Chuck Overacker, the chairman of Salmon School District’s Board, was born and raised in Salmon and has a strong sense of the community. He listed several reasons why a bond hasn’t passed in decades:
- Most of Lemhi County is public land, so there’s a very low tax base.
- Salmon used to have five saw mills, which generated revenue and jobs, but those are all gone.
- There’s farming, ranching, and tourism in Salmon, but very little industry otherwise.
- Salmon has become a retirement community, made up of people who no longer have children.
- Salmon is in one of Idaho’s lowest taxing districts, so it attracts people who move there just for the minimal taxes.
- People in Salmon tend to be high or low income, with few in the middle.
That said, the community does support the district. Voters have passed levies and community members recently donated their time and money to help build a state-of-the-art recreational center for students.
Even so, there’s major work to be done at the elementary school.
“We keep putting Band-Aids on Band-Aids on Band-Aids,” Overacker said.
Without a bond passing, though, the district is left to keep using what it has.
“Something has to change,” Easterday said. “When it’s going to change, I’m not sure.”
School districts look to Legislature to ease facilities burdens
Easterday is pinning some of his hopes on the Legislature. Maybe this session, lawmakers will come up with an infrastructure bill to help communities like Salmon.

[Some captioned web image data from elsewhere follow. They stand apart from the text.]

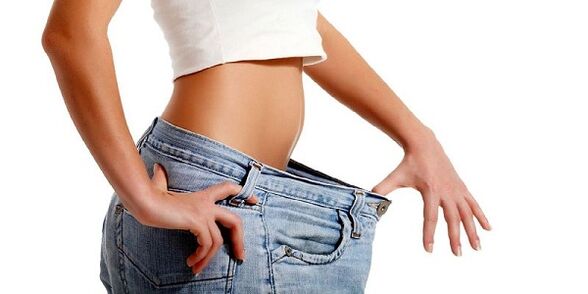 La jeune fille a perdu du poids au niveau de l’abdomen en éliminant les aliments malsains de son alimentation. 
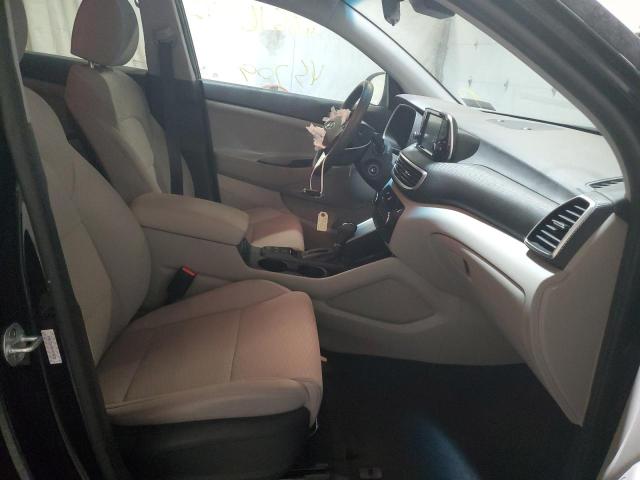 Photo 5 from auction – 2019 HYUNDAI TUCSON SE with VIN KM8J2CA49KU978828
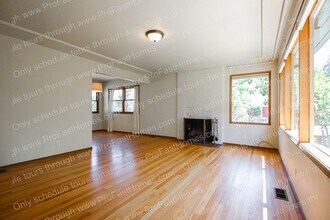 5905 NE 30th Ave in Portland, OR - Building Photo - Building Photo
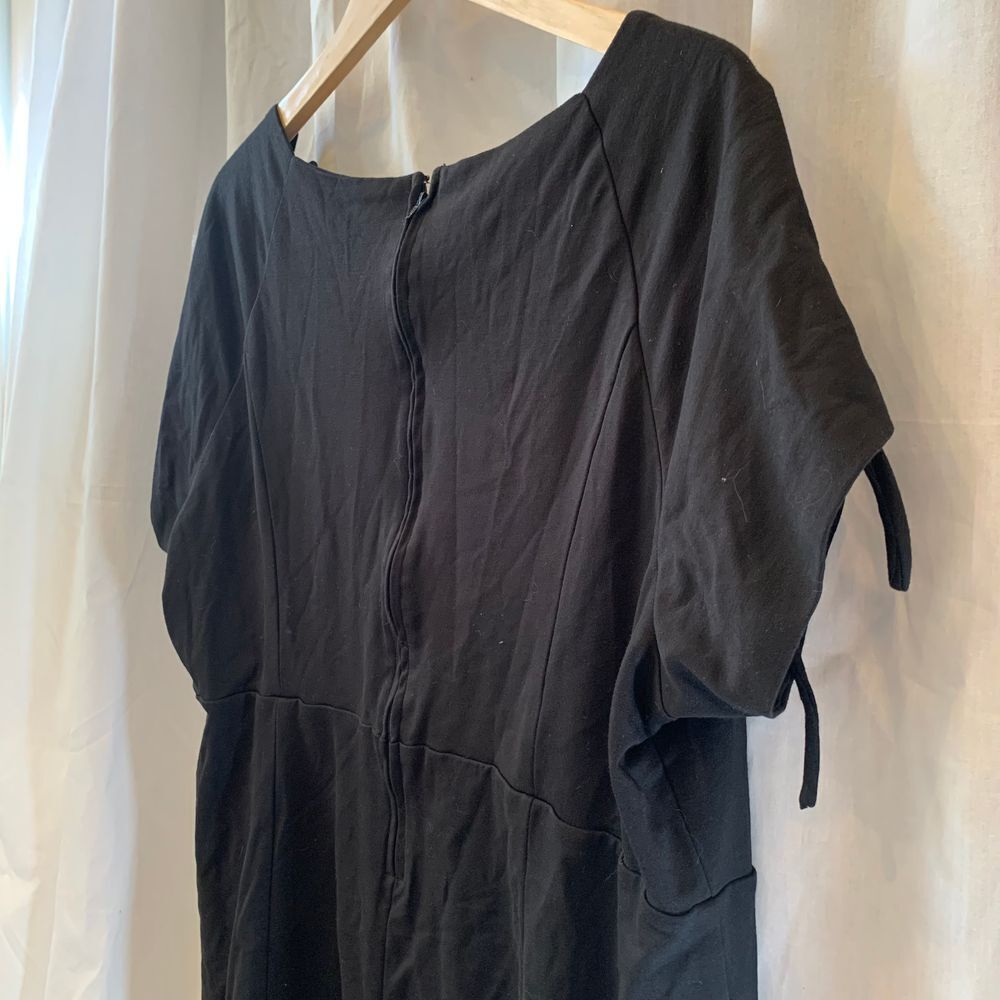 EUC Torrid Black Grommet and‎ Lacing Shoulder Zip Back Mini Dress Size 26 - Picture 5 of 11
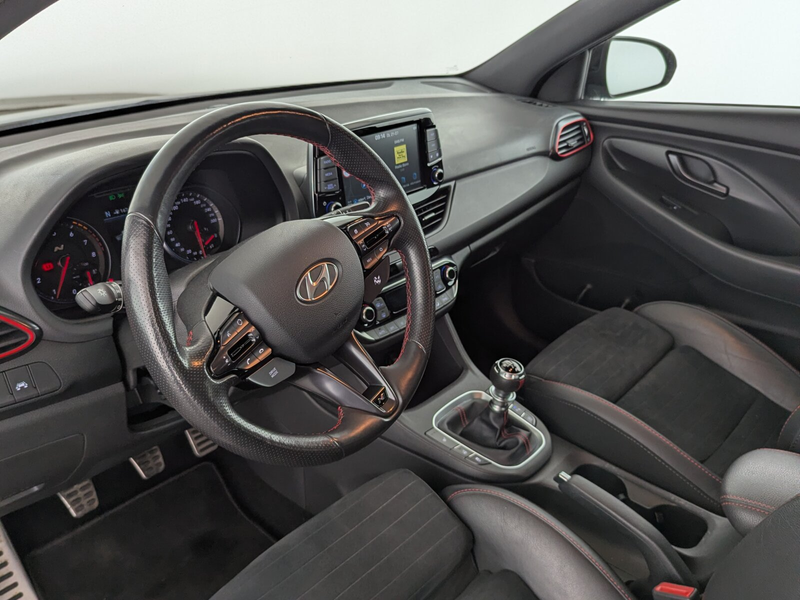 Hyundai i30 i30 Fastback 2.0 T-GDI N Performance LED+NAVI+ — photo 14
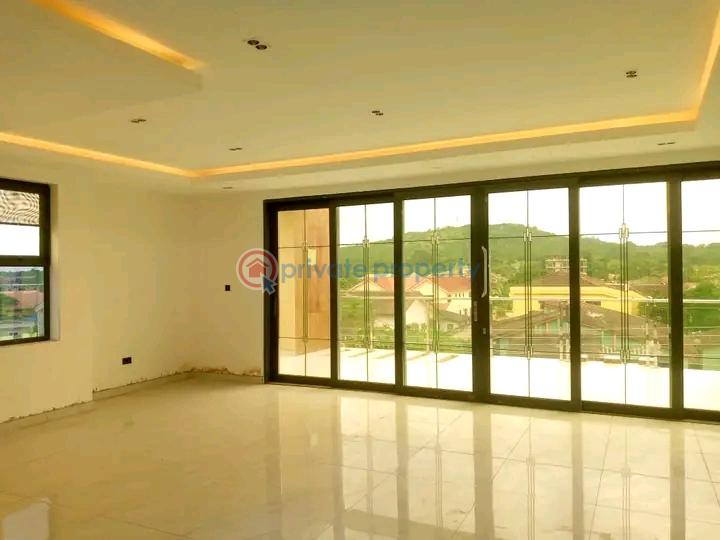5 bedroom Townhouse For Sale Westland Ga East Municipal Accra - 5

“They need to take a hard look,” Easterday said, adding that the state is sitting on a surplus and should invest some of those funds in school facilities.
Overacker said he would love to see a surplus fund set up that school districts like Salmon could apply to get grant money or to borrow at low-interest rates. But he’s skeptical.
“I have talked to my (legislator) until I’m blue in the face and gotten nowhere,” he said.
Sen. Dave Lent, R-Idaho Falls, the new chairman of the Senate Education Committee, believes schools need help with facilities financing. He wants to put an additional $100 million of surplus money and $61 million of annual state endowment payments into school facilities.
Lowering the bond threshold to a 60 percent required majority would help, too, Easterday said.
Emmett Superintendent Craig Woods agrees.
“That’s honestly the thing that hurts 90 percent of districts on the bonds is that high majority,” he said. “It only takes 33 percent … to vote no (to fail a bond).”
But lawmakers’ efforts to do just that have long been stymied, so districts are left to take their chances with bonds however bleak the odds.
The Emmett School District is considering running another bond in the future (a $68 million bond failed there last year) and Woods plans to start holding public hearings to get community feedback.
“We’re a community that prides itself on being hardworking, blue-collar individuals,” Woods said. “The community is completely supportive of education,” but paying off millions in debt over 20 years “in a rural community is a tough thing to chew off.”
Data analyst Randy Schrader contributed to this report.